• **ASSIGNED TASK**:
For each record that follows, restate the text exactly and drop the pictures.

Captioned web images

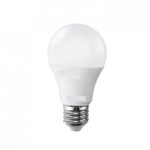 Lampada LED 20W E27 - COD. IP20HBSC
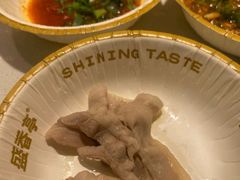 -盛香亭热卤(宝泰购物广场店)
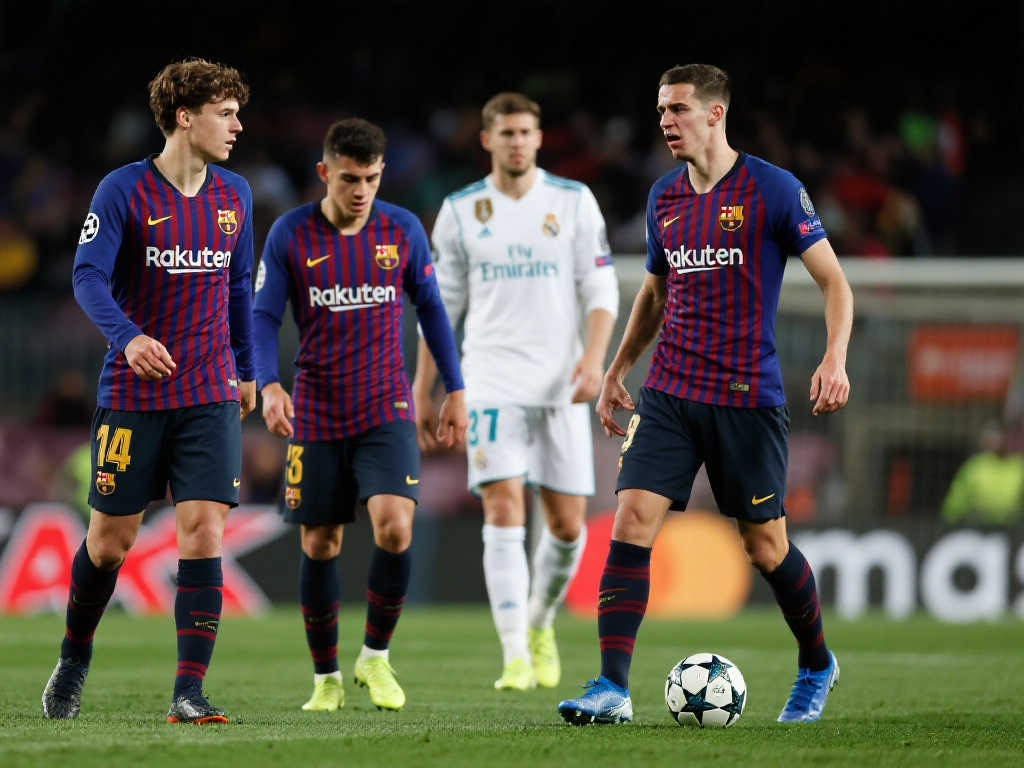 还在关键时 还在关键时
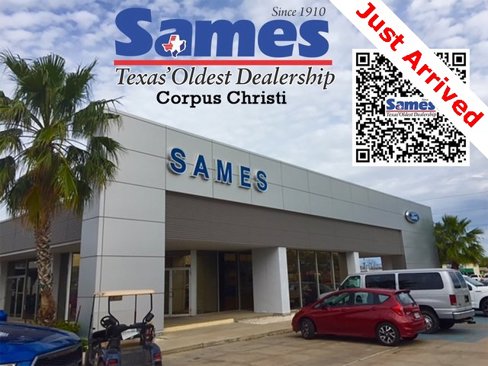 Used 2022 Ford Edge Titanium image 12
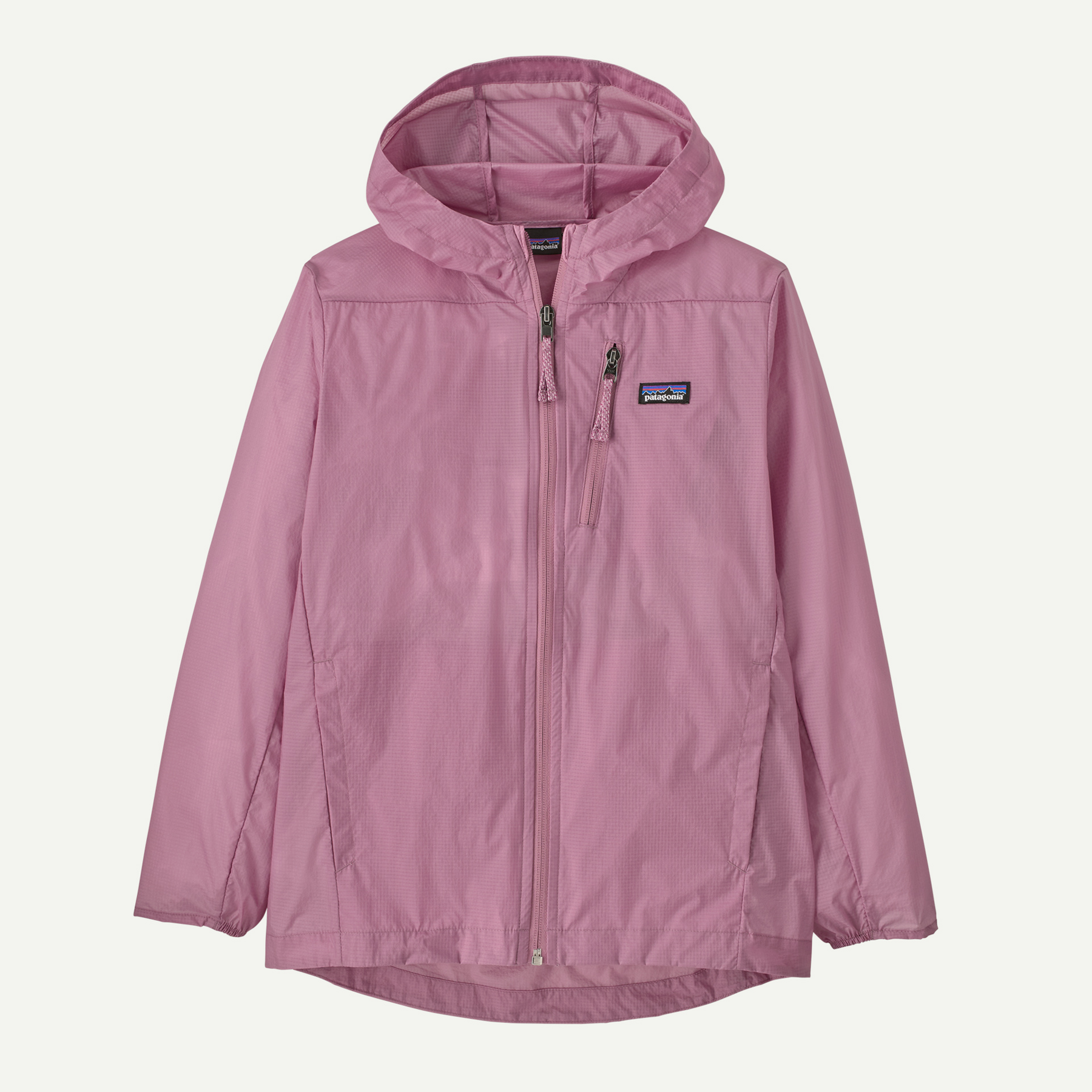 Kids' Houdini Jacket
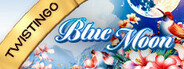 Twistingo: Blue Moon Collector's Edition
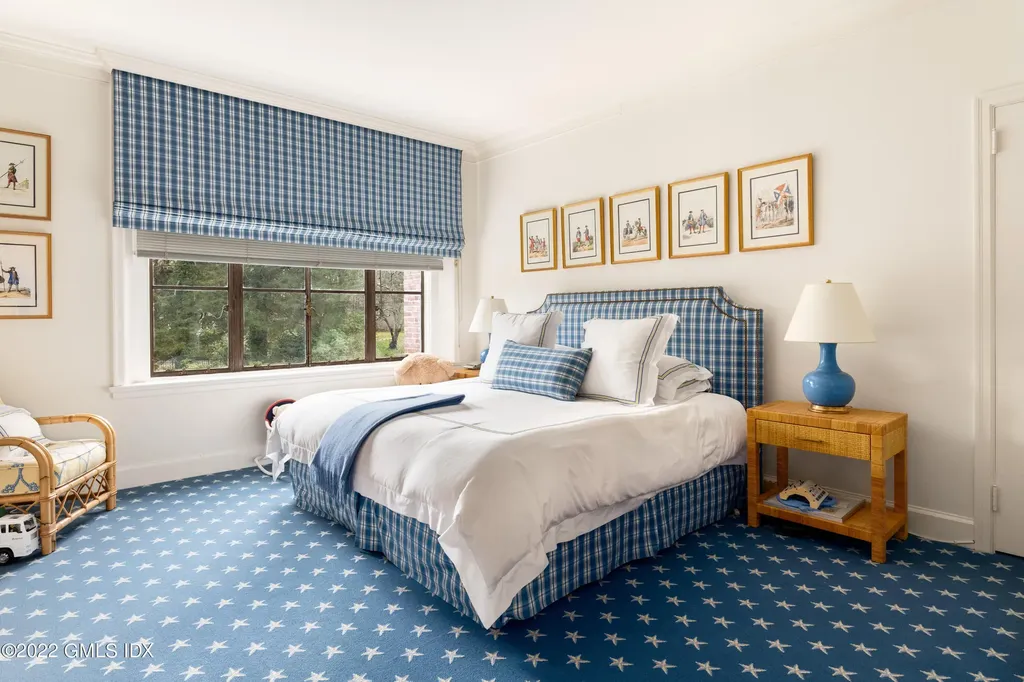 106 Glenville Road Greenwich CT 06831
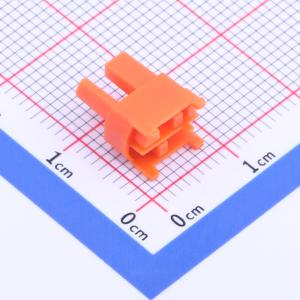 043342商品缩略图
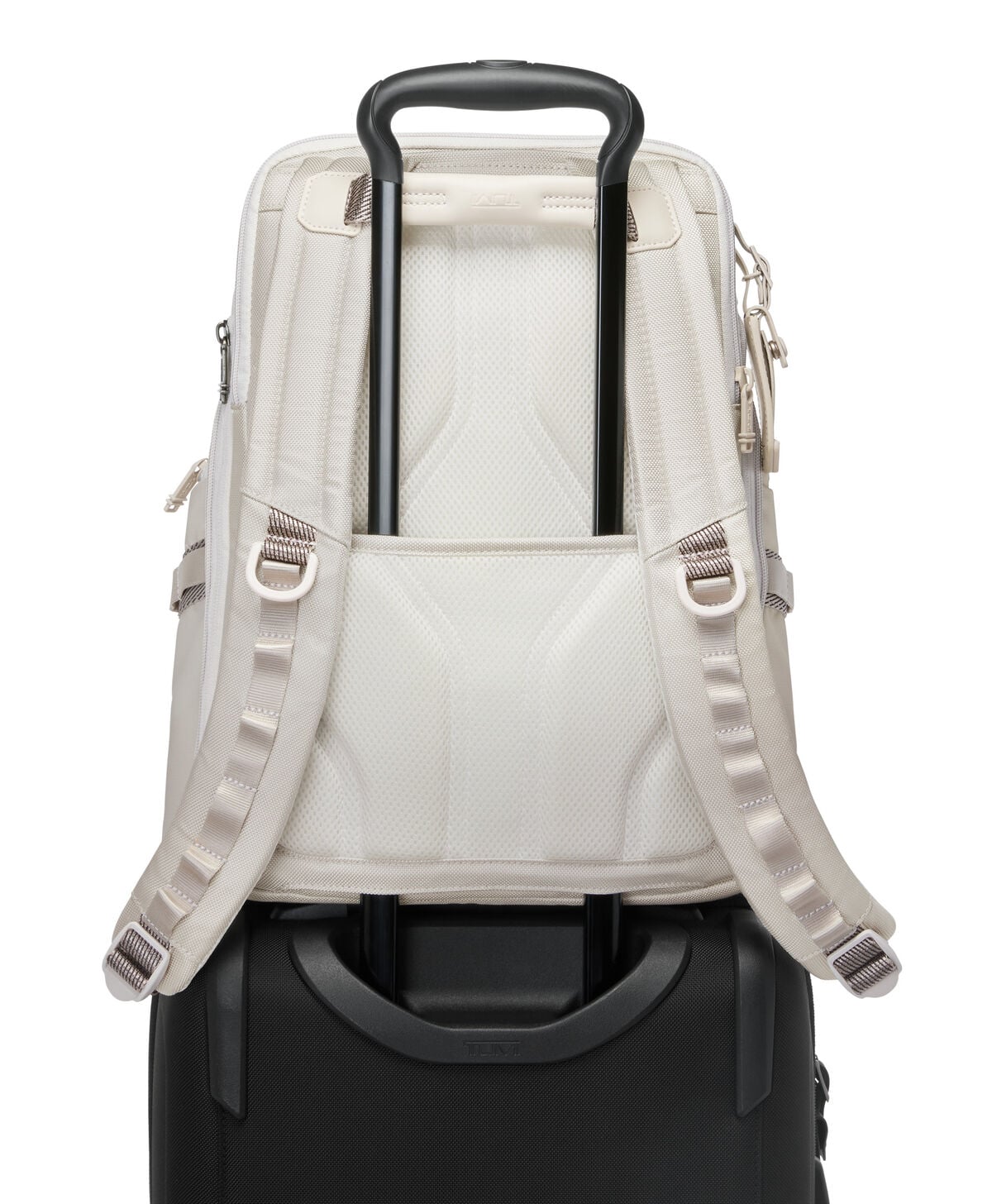 Alpha Bravo Navigation Rucksack
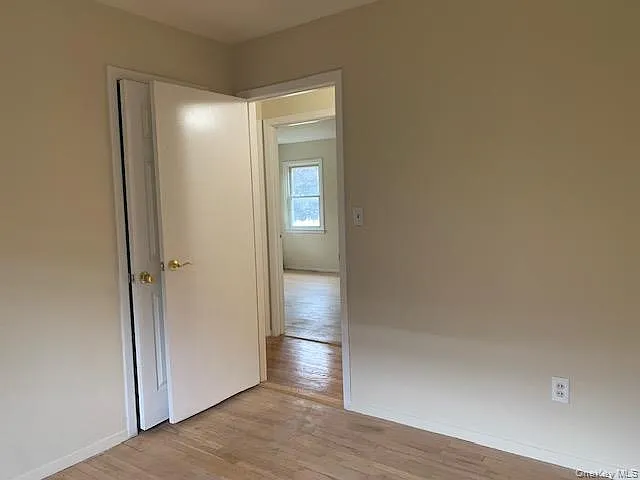 2 Vanata Ct — Photo 12
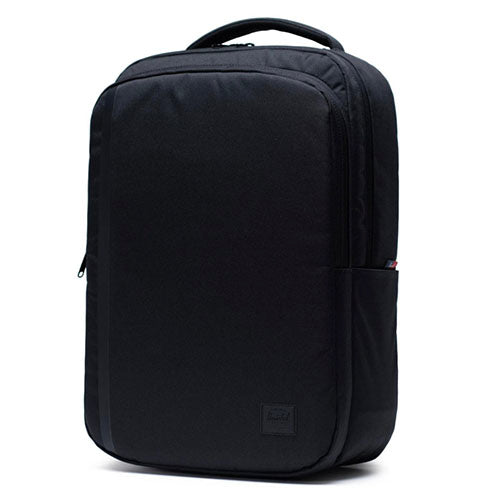 Backpack Tech Daypack Kaslo - Herschel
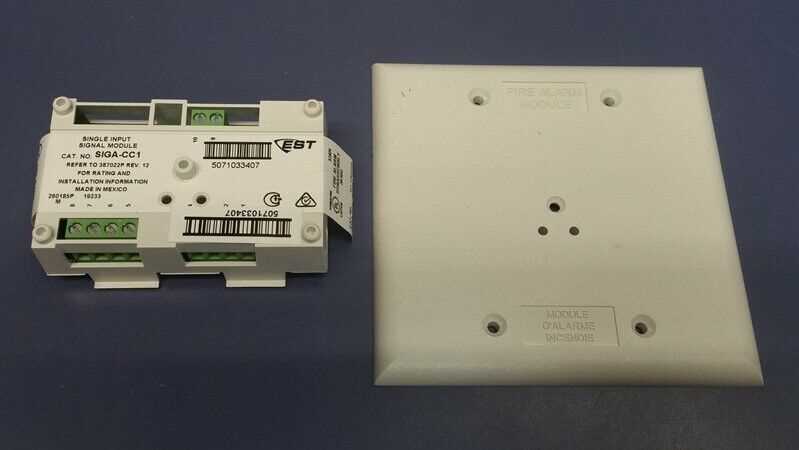 edwards-siga-led-datasheet edwards-siga-led-datasheet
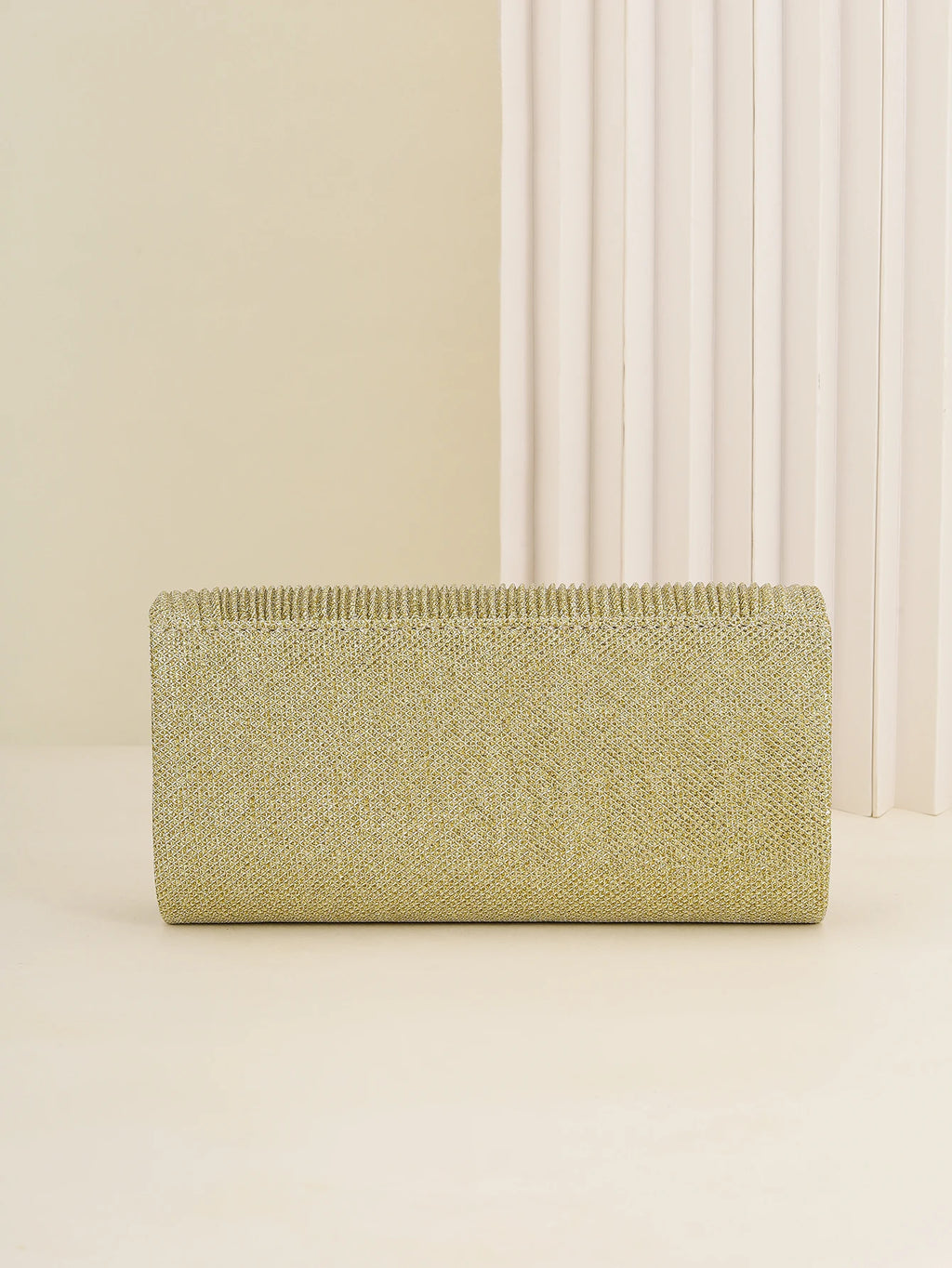Women's Dinner Bag, European and American International Sequin Evening Bag Style, Chain Strap, Party Bag Strap Bag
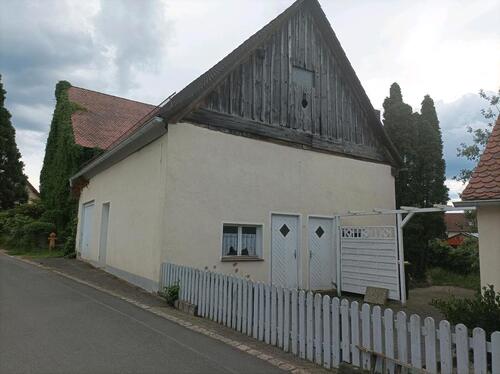 Foto - 4.5 Zimmer Einfamilienhaus zum Kaufen in Effeltrich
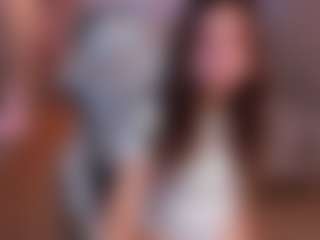 TrishaMoore's Live Sex Cam Show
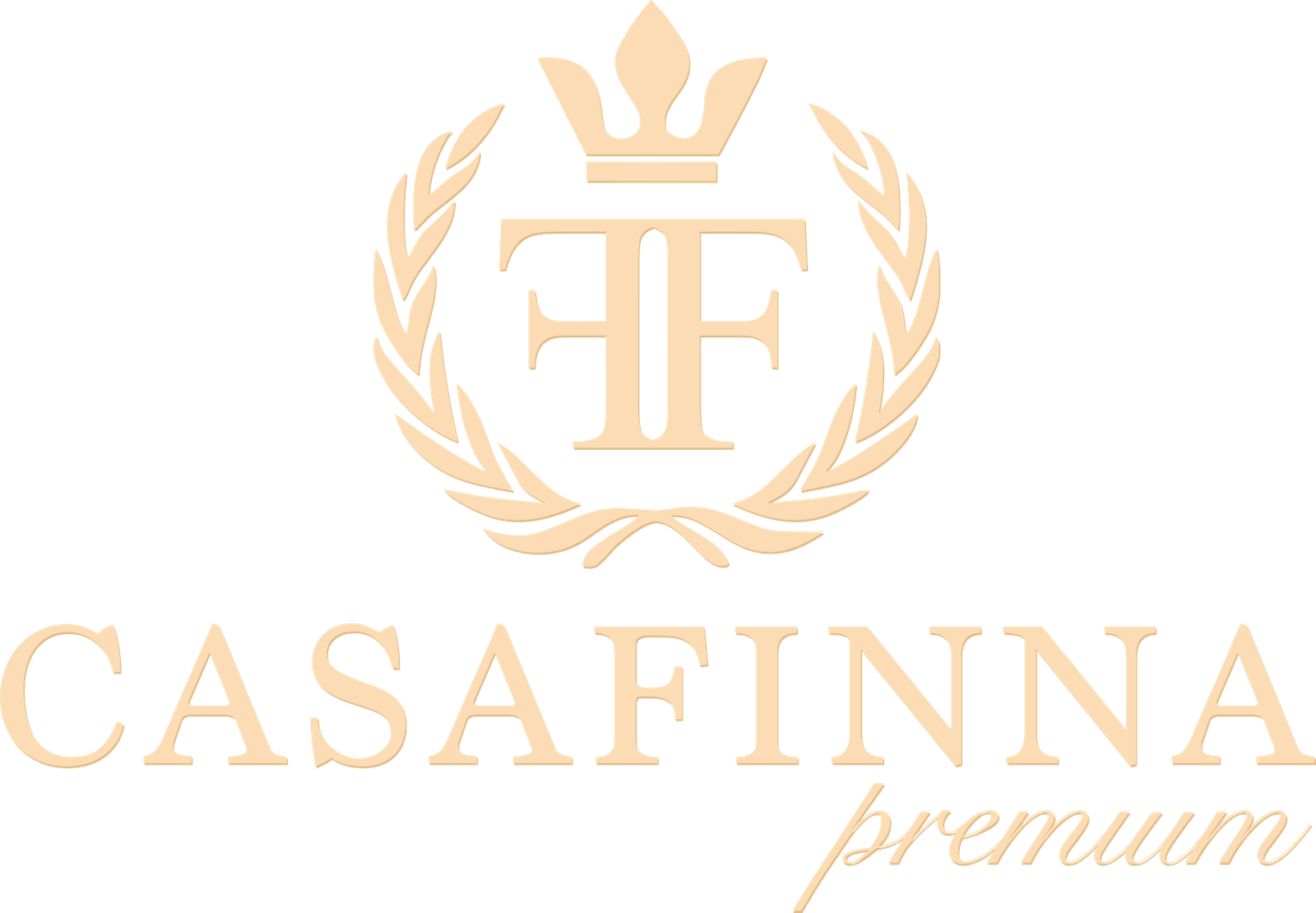 Casafinna Premium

• **REPLY TO THE TASK**:
 Lampada LED 20W E27 - COD. IP20HBSC
 -盛香亭热卤(宝泰购物广场店)
 还在关键时 还在关键时
 Used 2022 Ford Edge Titanium image 12
 Kids' Houdini Jacket
 Twistingo: Blue Moon Collector's Edition
 106 Glenville Road Greenwich CT 06831
 043342商品缩略图
 Alpha Bravo Navigation Rucksack
 2 Vanata Ct — Photo 12
 Backpack Tech Daypack Kaslo - Herschel
 edwards-siga-led-datasheet edwards-siga-led-datasheet
Women's Dinner Bag, European and American International Sequin Evening Bag Style, Chain Strap, Party Bag Strap Bag
 Foto - 4.5 Zimmer Einfamilienhaus zum Kaufen in Effeltrich
 TrishaMoore's Live Sex Cam Show
 Casafinna Premium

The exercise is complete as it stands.